The implementation presented showcases a foundational approach to integrating **Corrective RAG (CRAG)** principles within a retrieval-augmented generation framework using LangGraph and LangChain. By introducing a grading mechanism to assess the relevance of retrieved documents, the system ensures that only pertinent information contributes to the generation of responses, thereby enhancing the overall accuracy and reliability of the output.

While this example omits the knowledge refinement phase for simplicity, it lays the groundwork for more sophisticated enhancements, such as partitioning documents into knowledge strips and implementing deeper self-reflection capabilities. Additionally, the incorporation of web search supplementation through DuckDuckGo demonstrates the system's ability to dynamically seek additional information when initial retrievals fall short, ensuring comprehensive and accurate answers to user queries.
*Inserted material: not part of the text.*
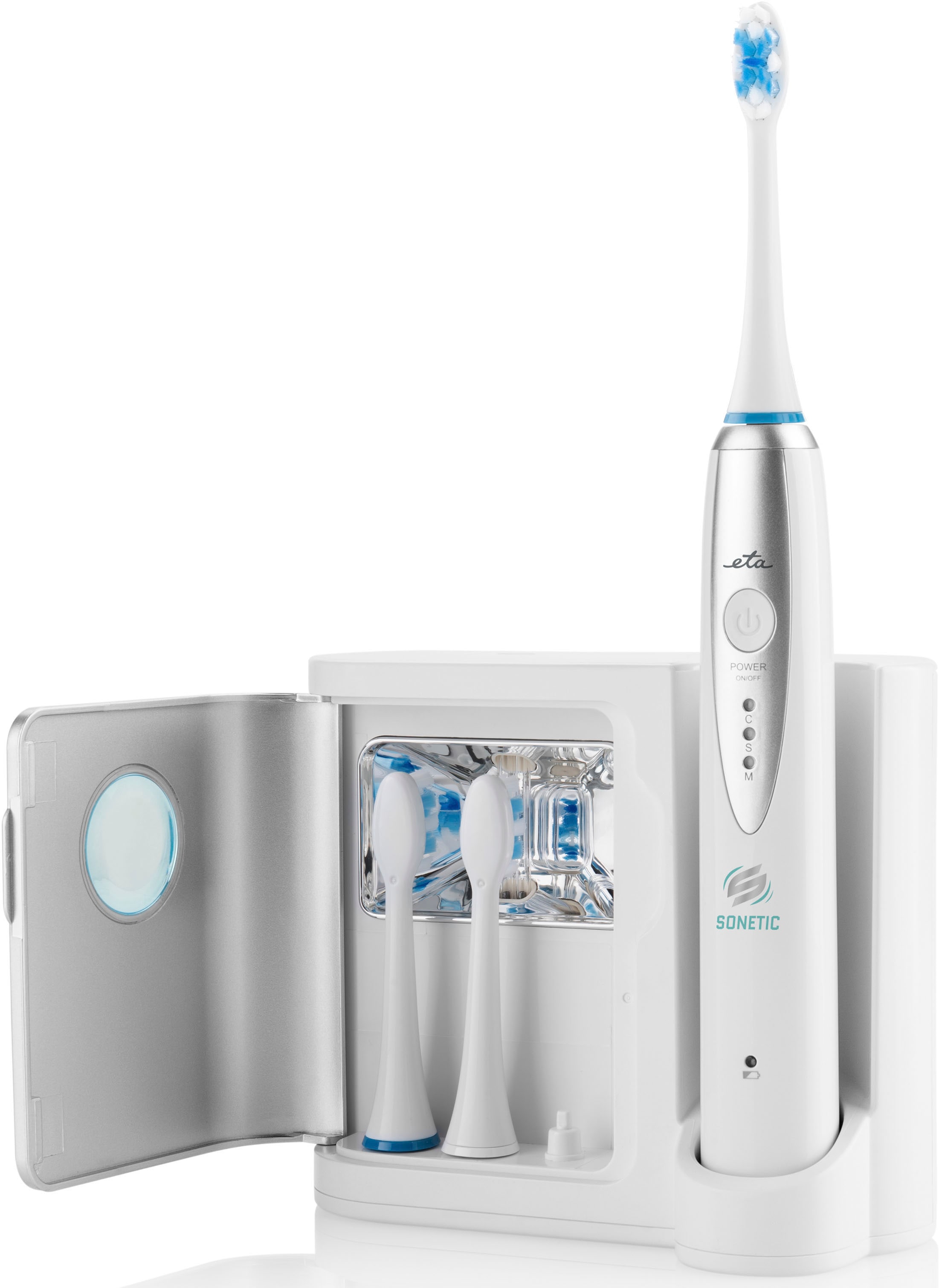 eta Brosse à dents sonique »SONETIC ETA170790000« 3 cuis Aufsteckbürsten UV-Technolgie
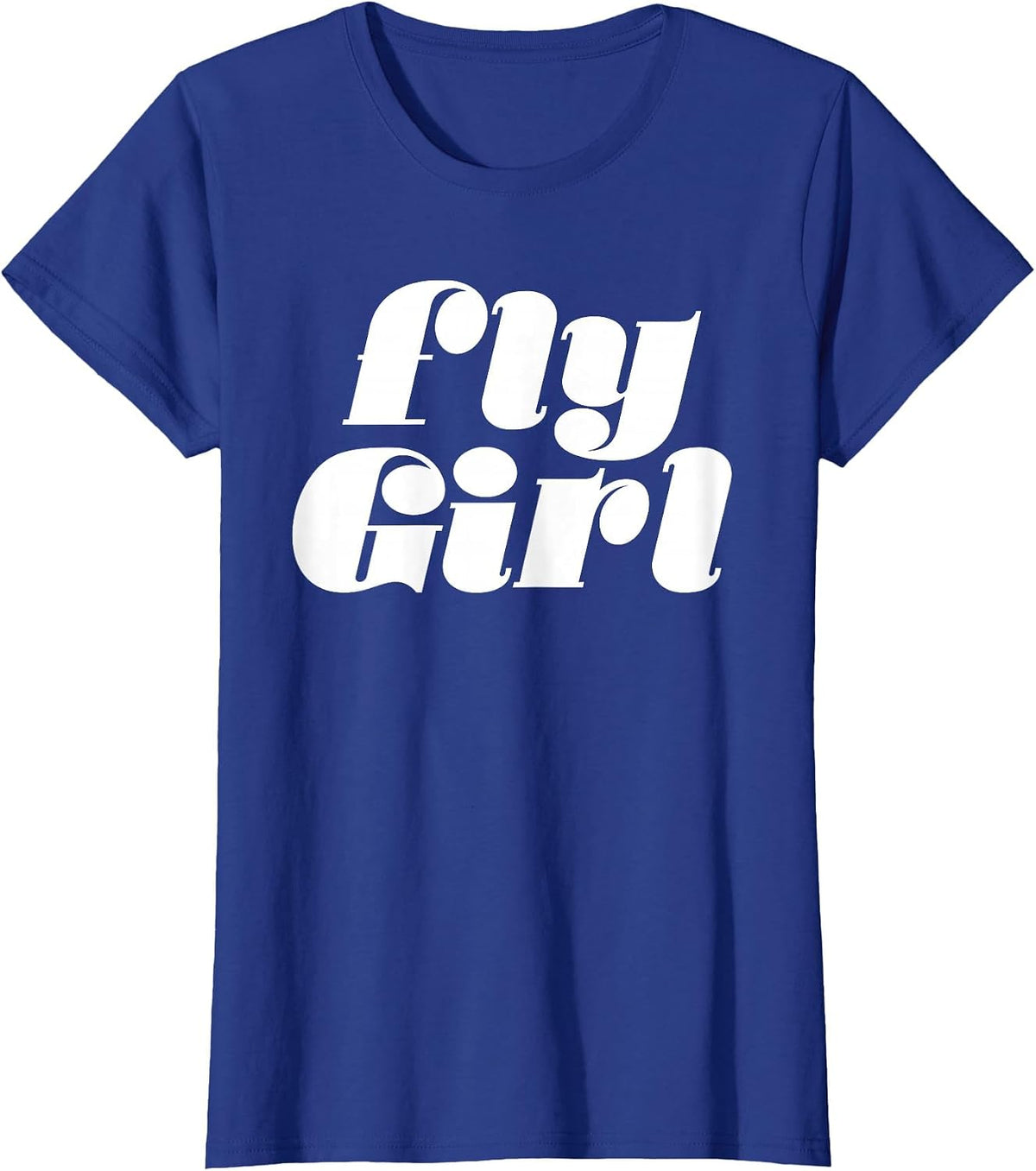 Fly Girl 80s 90s Old School Hip Hop T-Shirt - Royal Blue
Moving forward, further refinements could include integrating advanced knowledge refinement techniques, expanding the range of data sources, and enhancing the grading criteria to capture more nuanced aspects of relevance. These enhancements would elevate the system's performance, making it a robust tool for a wide array of applications that demand precise and contextually appropriate language generation.